Working with original data in Datascience lectures

Hi,

I am trying to work from the real datasets, e.g., in Merge section, I try to retrieve data from ratings.csv and books.csv from github directly, rather than the datasets prepared in QEDS package.

I was able to do most of it (but there is still some minor problems on title’s names for 6 obs where title names has quotation in the middle, or double quotation, e.g. “” .) and it took me a while. However, the codes were a bit unnecessarily long (not to mention the Big-O things if datasets are much bigger, what I did would be really slow.) and awkward (I wrote some line manually for problematic titles.) When I looked into the QEDS github regarding the function to retrieve data, it involves somethings that are beyond me at this point (for example what is LOGGER?)

Below is how I retrieved the datasets only for books.csv. It is more compliated than the retrieving the datasets for ratings.csv. Here are problems:

  • The file was written as csv, but when downloading it, it becomes *.txt for some unknown reason to me.

  • The text file was encoded in different format than usual. Need to specify the keyword encoding as UTF-8

  • The appearance of the quotation marks (") makes things harder. When put into the DataFrame this quotation messed up the author’s names and title’s names. It was even worse when title has more than " in the middle.

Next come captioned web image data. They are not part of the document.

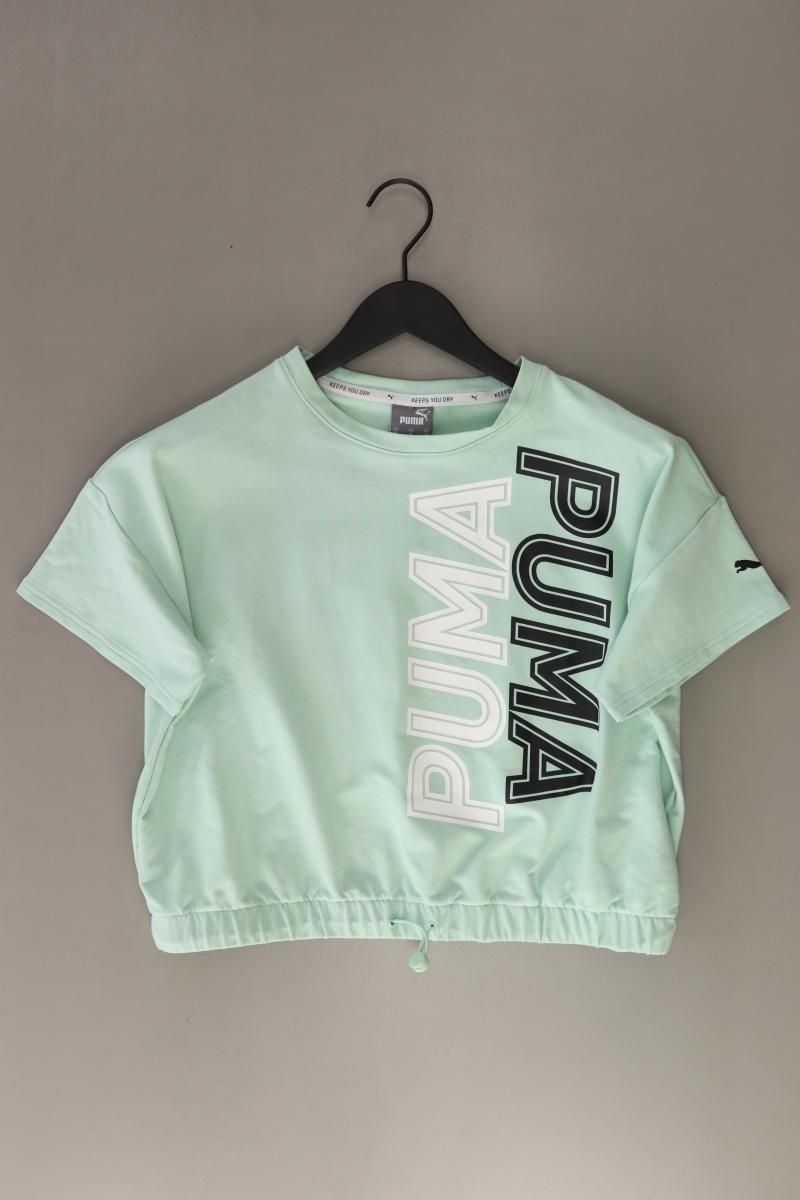 Puma Sportshirt Gr. M Kurzarm türkis aus Baumwolle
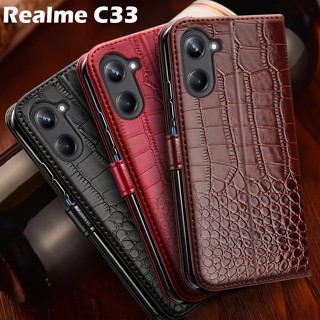 เคสโทรศัพท์มือถือหนัง Pu ฝาพับ พร้อมช่องใส่บัตร สําหรับ OPPO Realme C33 C33 6.5 นิ้ว RMX3624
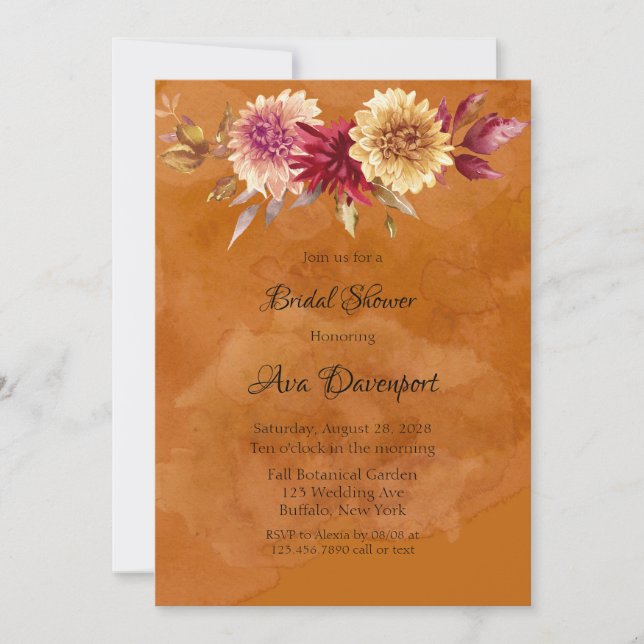 Invitación Naranja quemado acuarela Dahlia Bridal Shower (Anverso)
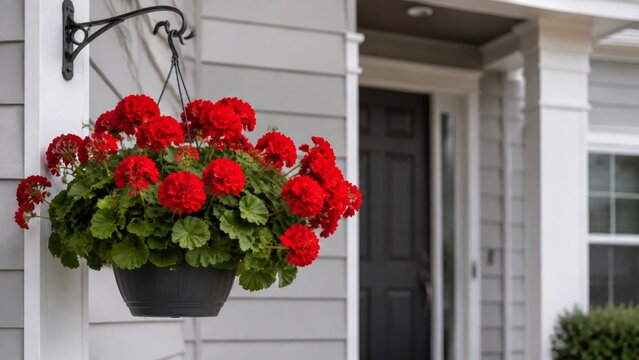 Plastic hanging geranium basket &ndash; red blooms on a porch photo authentic detail authentic detail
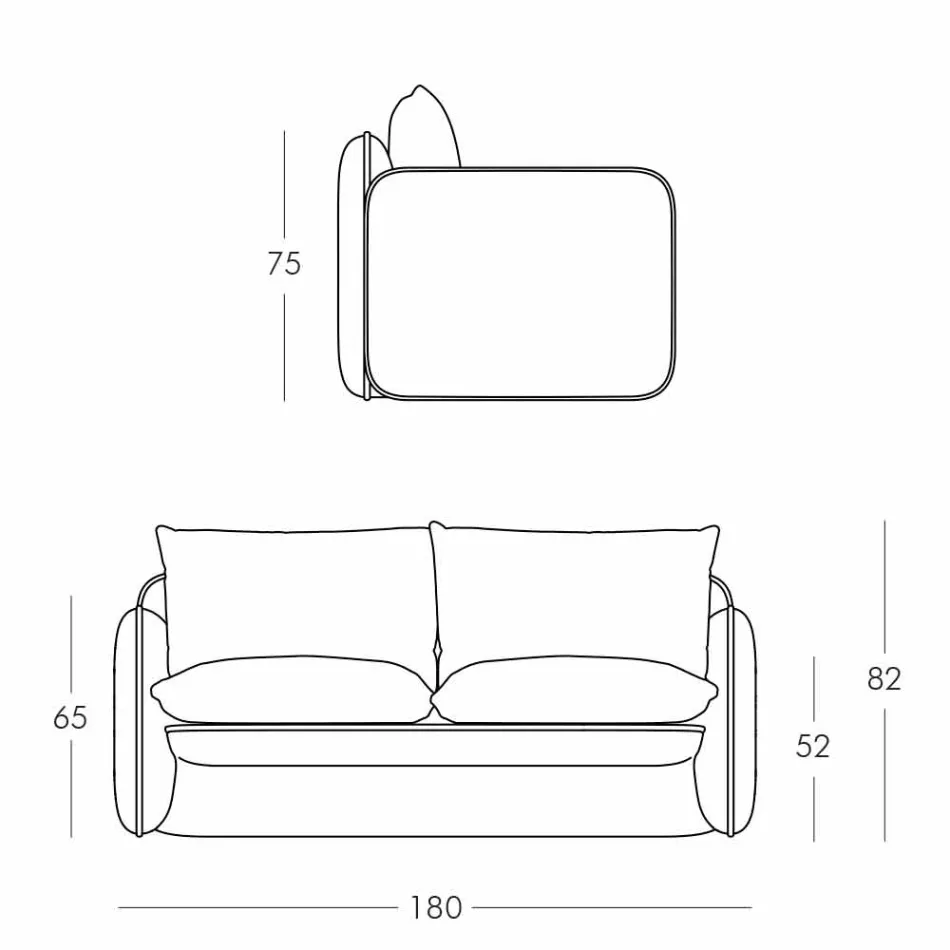 Sofá 2 plazas para exterior en tela o cuero - Mara by Slide viadurini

If you can make an appendix for how you prepared the datasets for every datasets used in QEDS lectures, that would be great.

Thanks!

PS This code below was checked so that it displayed almost identical values for author’s names but not for title names, as is the one from QEDS. There are 6 obs that the title names are mismatched for the double quotation, but it at least conveys the same information however.

import pandas as pd
fin = open('books.txt', encoding="utf8") # There was some error if utf8 is not specified.
line = fin.readline()
line = line.split(',') # csv contains commas so .split() separates this into list of strings.
line[-1] = line[-1].replace('\n','') # delete the new line sign from the last column
book_id = []
authors  = []
title = []
### Commas issue: Any slot with commas will begin with the quotation " mark.
for line in fin:
    index3 = 10
    line = line.split(',') 
    line[0] = int(line[0]) # line[0] is book_id.  Makes it integers
    book_id.append(line[0])
    if book_id[-1] == 9265:
        print(line)
    if '"' in line[7]: # line[7] is author's name(s).
        line[7] = line[7].replace('"','')
        # 100 is just a made-up number, assuming that no book was written by 90 authors.
        for i in range(8,100):  # enumerate from 8 onward
            if '"' in line[i]:
                line[i] = line[i].replace('"','')
                line[7] = ','.join(line[7:i+1])
                index = i+3 # This would be the column index for title
                index2 = i+2 #This is the column for the full title name
                break # break the for loop so that we don't actually go to 100.
        authors.append(line[7])
        if '"' in line[index2]: # check if full title may have commas
            if line[index2].count('"') == 1:
                for k in range(index2+1, index2+10): # This column is not used so we just shift it ahead
                    if '"' in line[k]: # see which index where the last comma end
                        indexk = k # record this index
                        break
                index = indexk + 1
        if '"' in line[index]:
            line[index] = line[index].strip('"')
            # hoping that title's name shouldn't have to many commas
            for j in range(index, index+10): # index + 100 causes index out of range error.
                if '"' in line[j]:
                    line[j] = line[j].replace('"','')
                    line[index] = ','.join(line[index:j+1])
                    break
        title.append(line[index]) # This exhausts all cases with multiple authors and commas in title
    else:
        authors.append(line[7]) # This is the case with single author
        if '"' in line[9]: # check if this full title may have comma(s) 
            if (line[9].count('"') == 1) & (book_id[-1] != 6581) & (book_id[-1] != 9265): 
                for k in range(10, 20): # This column is not used so we just shift it ahead
                    if '"' in line[k]: # see which index where the last comma end
                        indexk = k # record this index
                        break
                index3 = indexk + 1
            elif (book_id[-1] == 6582): # (book_id[-1] == 9610):
                for k in range(10, 20): # This column is not used so we just shift it ahead
                    if '"' in line[k]: # see which index where the last comma end
                        indexk = k # record this index
                        break
                index3 = indexk + 1
            elif (book_id[-1] == 9265): 
                index3 = 12        
        if '"' in line[index3]: # line[10] is title's name for book written by 1 author
            if (line[index3].count('"') == 1) & (book_id[-1] != 9265) : 
                line[index3] = line[index3].replace('"','')
                for j in range(index3+1, index3+10):
                    if '"' in line[j]:
                        line[j] = line[j].replace('"','')
                        line[index3] = ','.join(line[index3:j+1])
                        break
            elif book_id[-1] == 9265:
                line[index3] = ','.join(line[index3:index3+3])
        title.append(line[index3].lstrip('"').rstrip('"'))
books = pd.DataFrame()
books['book_id'] = book_id
books['authors'] = authors
books['title'] = title
fin.close()